*** PROVIDED DATA Section Begins ***

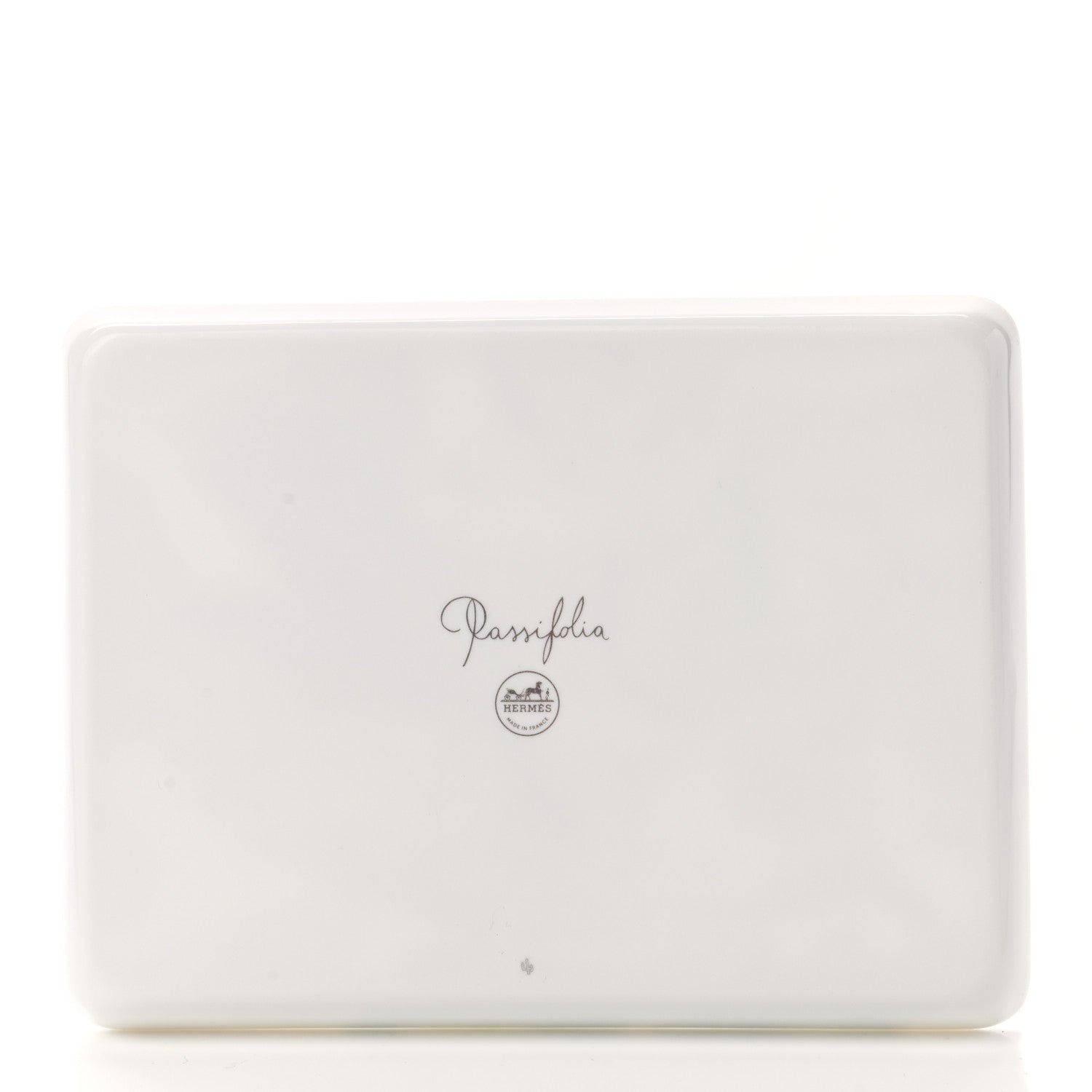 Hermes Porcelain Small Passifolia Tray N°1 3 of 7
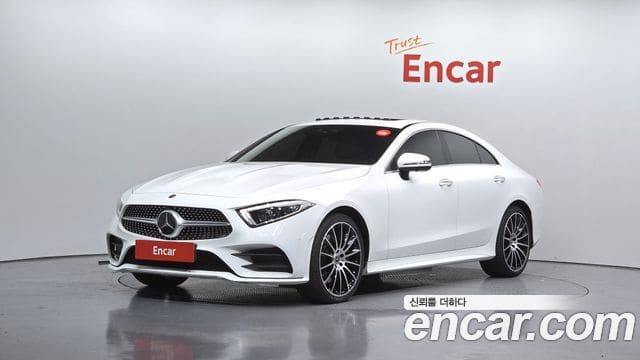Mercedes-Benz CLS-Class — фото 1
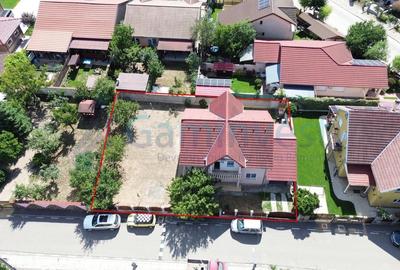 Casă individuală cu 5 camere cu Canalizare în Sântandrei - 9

*** PROVIDED DATA Section Ends ***

Copy each line above exactly. Images do not belong in the copy.

 Hermes Porcelain Small Passifolia Tray N°1 3 of 7
Mercedes-Benz CLS-Class — фото 1
 Casă individuală cu 5 camere cu Canalizare în Sântandrei - 9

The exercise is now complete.